## [Exercise requirements]
The line containing "2 Bedroom Terraced" and each line after it, through the final line of the data, are to be retyped exactly, with pictures left out.

———

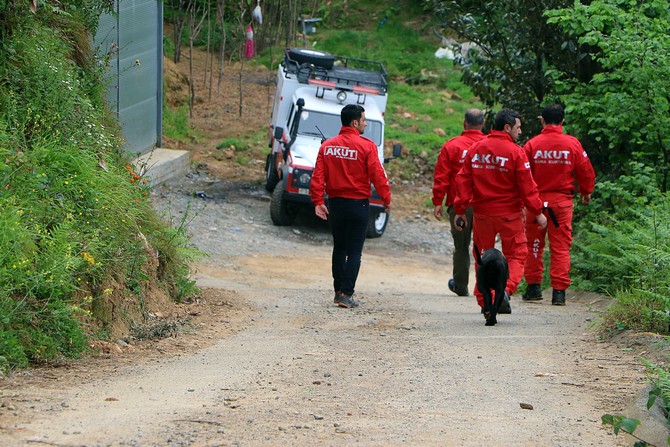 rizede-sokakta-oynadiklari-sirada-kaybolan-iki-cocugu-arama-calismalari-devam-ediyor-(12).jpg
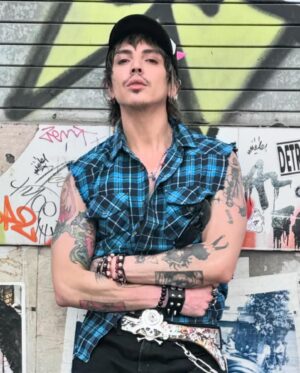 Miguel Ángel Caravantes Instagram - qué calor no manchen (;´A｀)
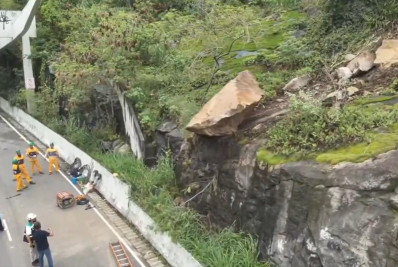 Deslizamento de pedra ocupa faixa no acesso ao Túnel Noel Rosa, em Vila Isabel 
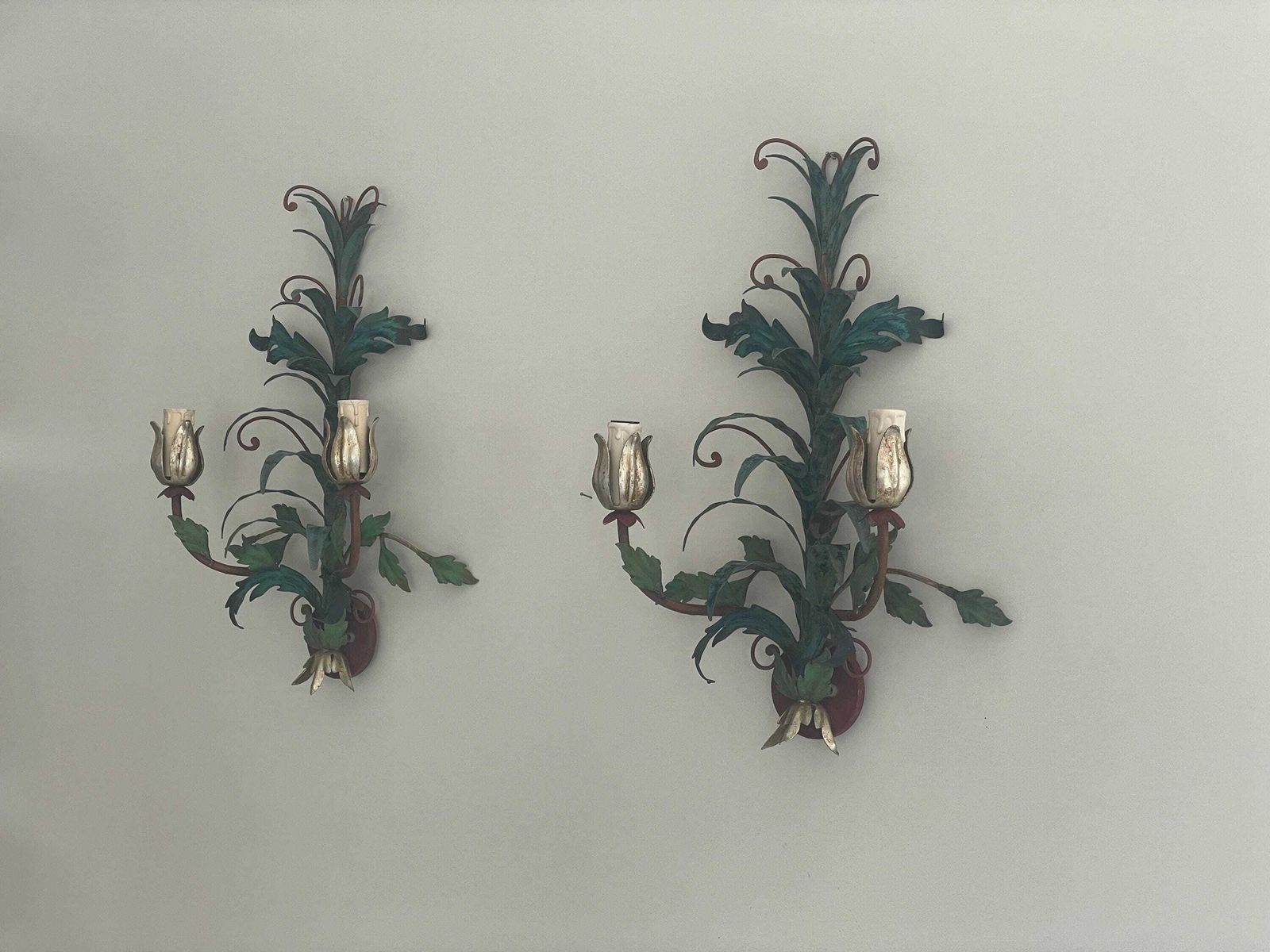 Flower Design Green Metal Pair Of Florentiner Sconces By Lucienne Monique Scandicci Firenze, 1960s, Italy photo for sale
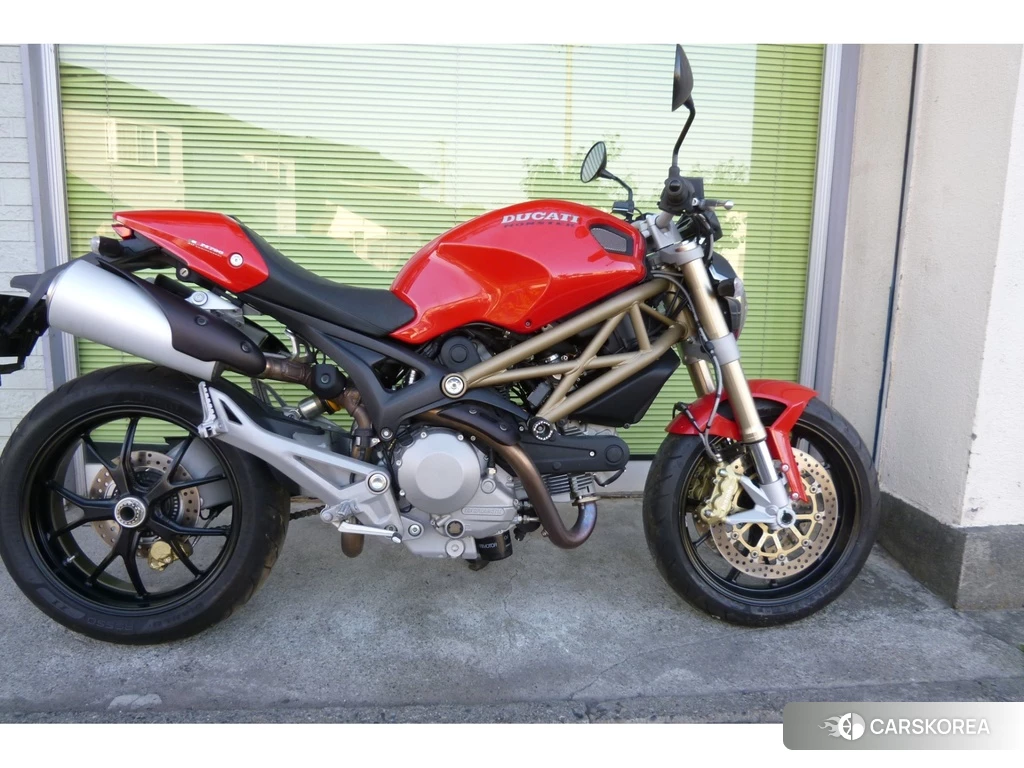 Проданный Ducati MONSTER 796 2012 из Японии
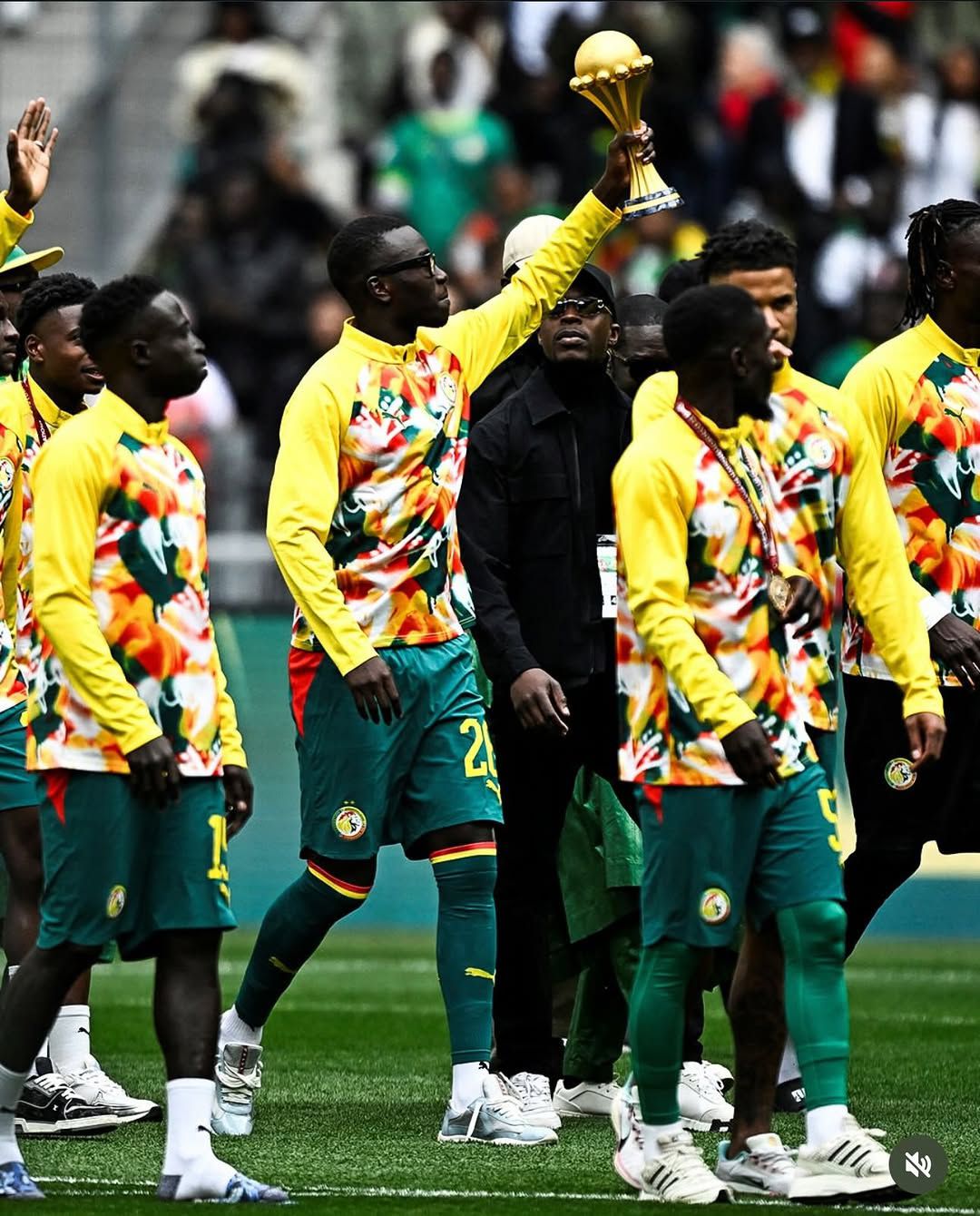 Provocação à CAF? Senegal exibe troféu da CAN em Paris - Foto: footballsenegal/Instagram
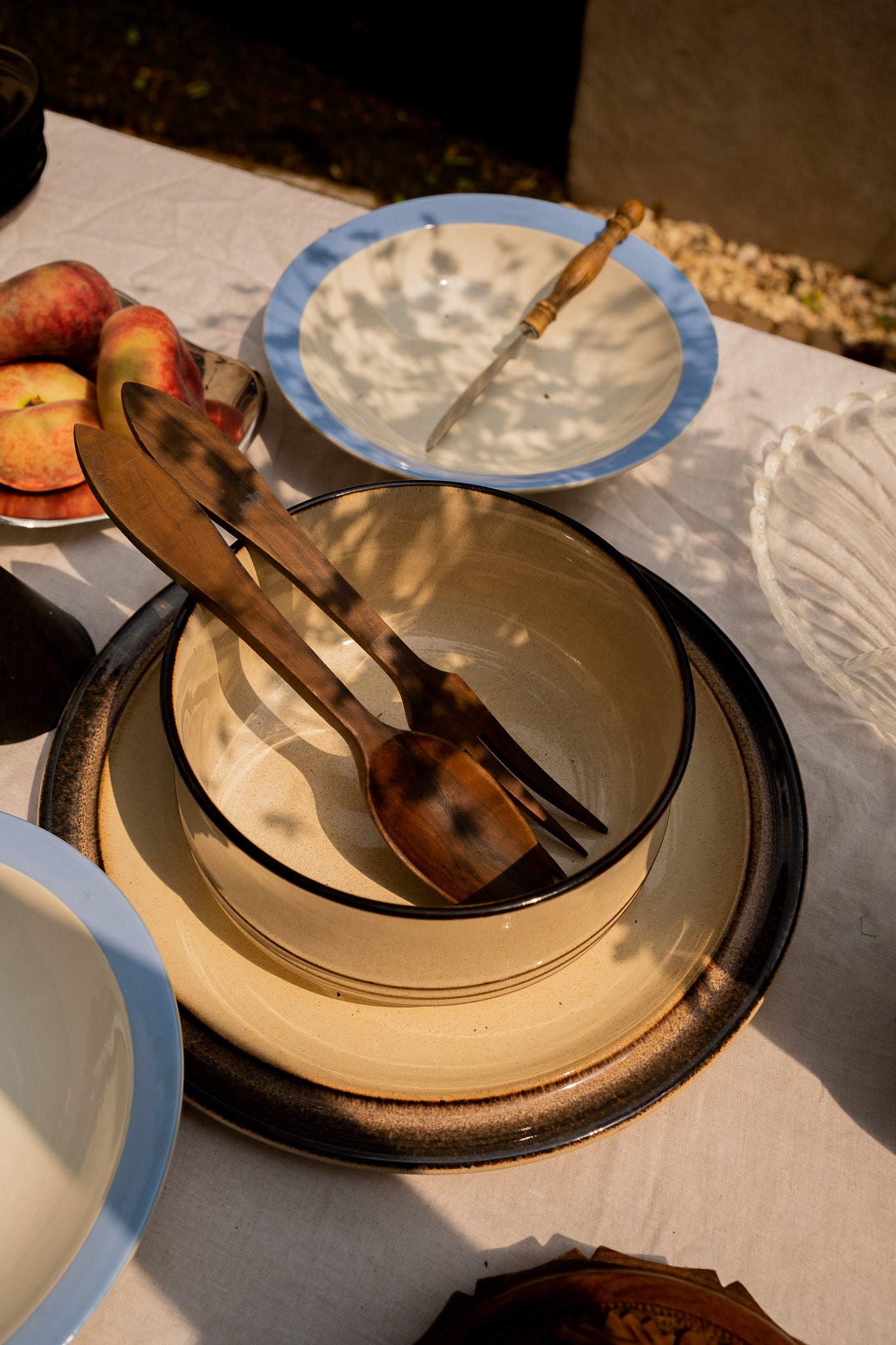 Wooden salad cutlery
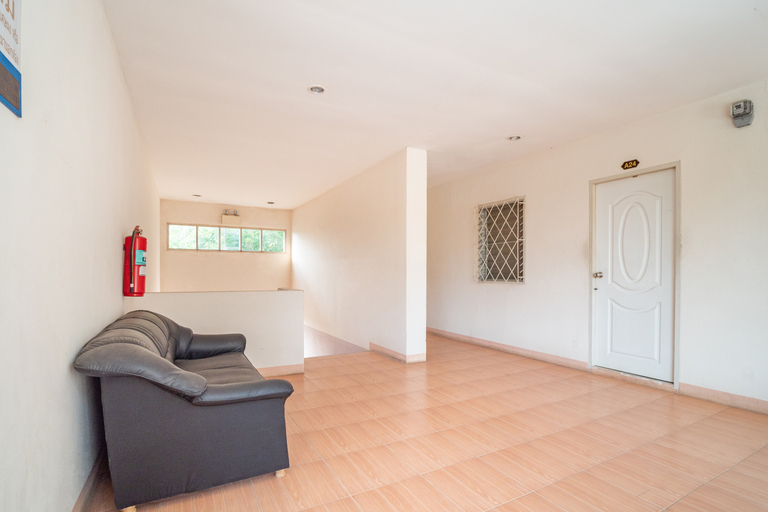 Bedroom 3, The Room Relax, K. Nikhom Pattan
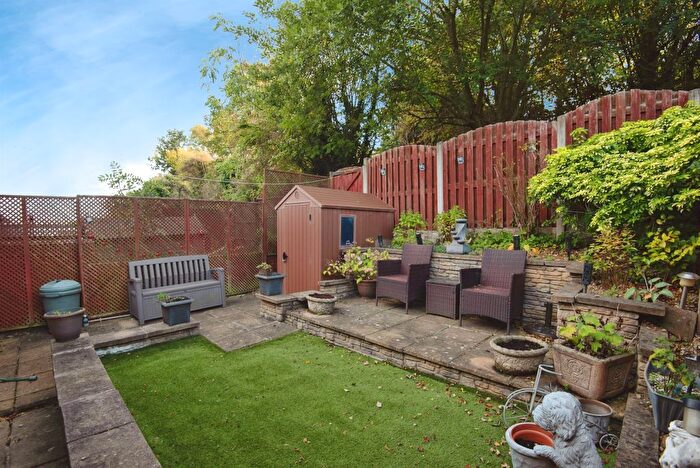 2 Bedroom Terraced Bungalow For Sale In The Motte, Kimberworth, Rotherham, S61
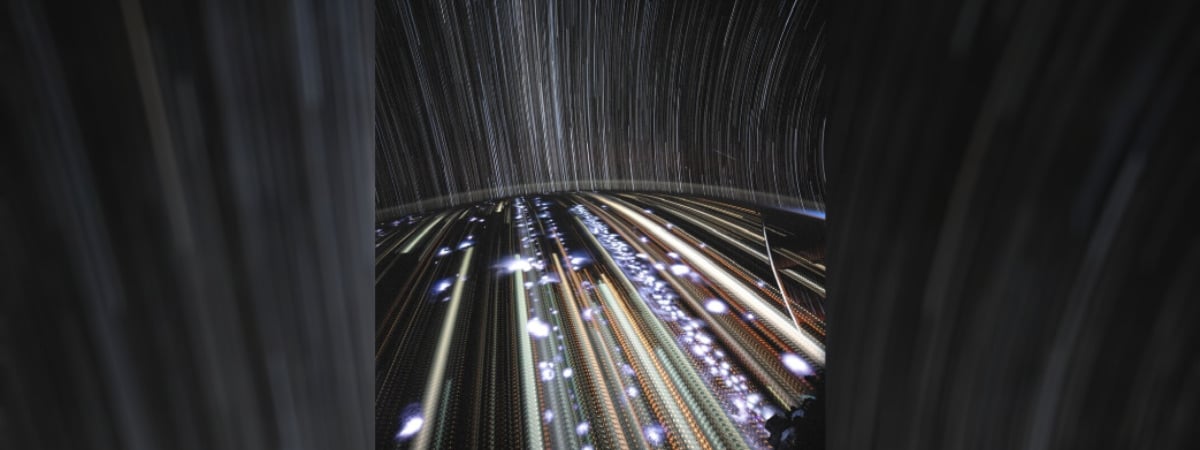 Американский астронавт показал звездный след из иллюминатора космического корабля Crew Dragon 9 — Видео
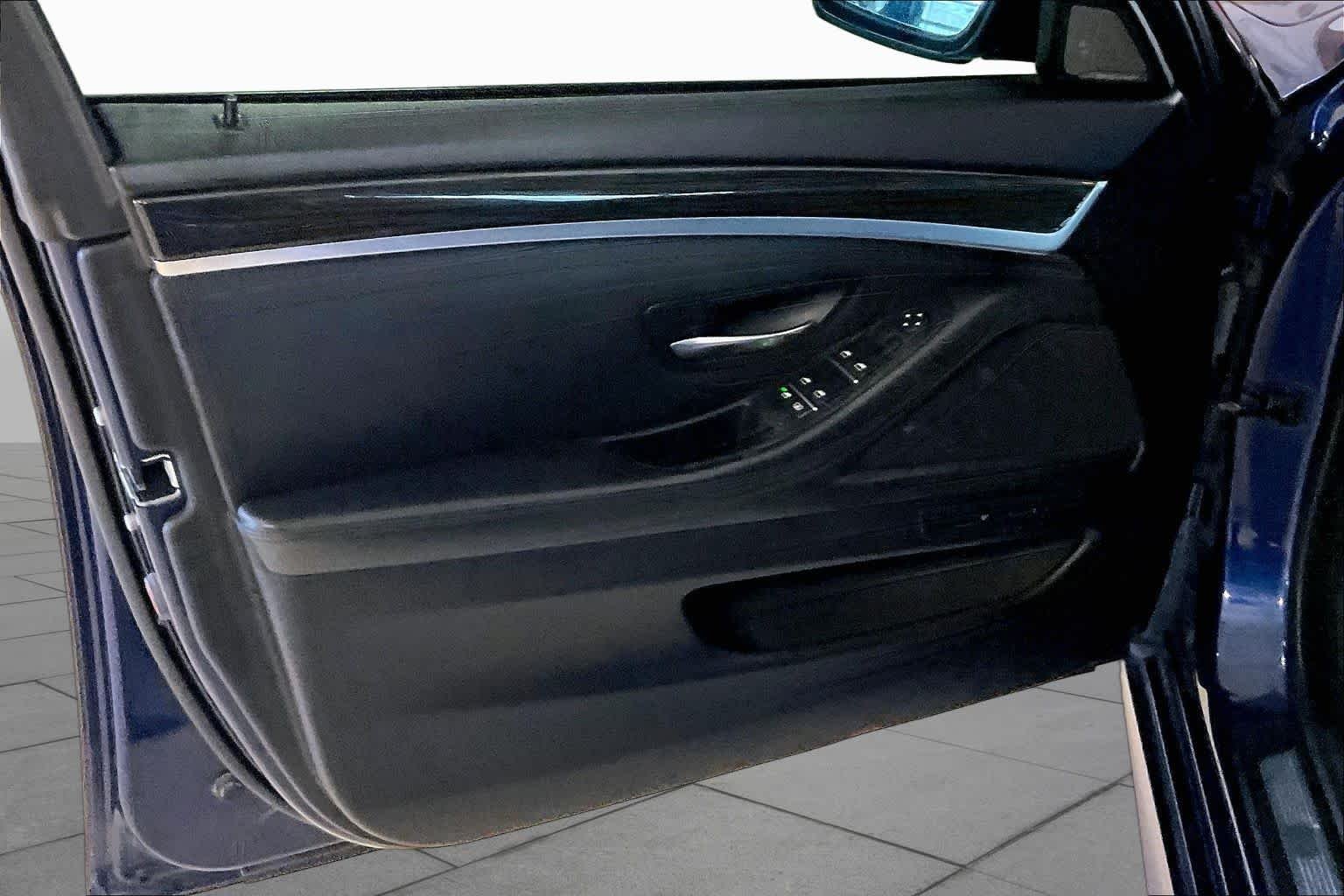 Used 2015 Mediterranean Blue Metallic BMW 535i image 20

———

## [Output for this task]
 2 Bedroom Terraced Bungalow For Sale In The Motte, Kimberworth, Rotherham, S61
 Американский астронавт показал звездный след из иллюминатора космического корабля Crew Dragon 9 — Видео
 Used 2015 Mediterranean Blue Metallic BMW 535i image 20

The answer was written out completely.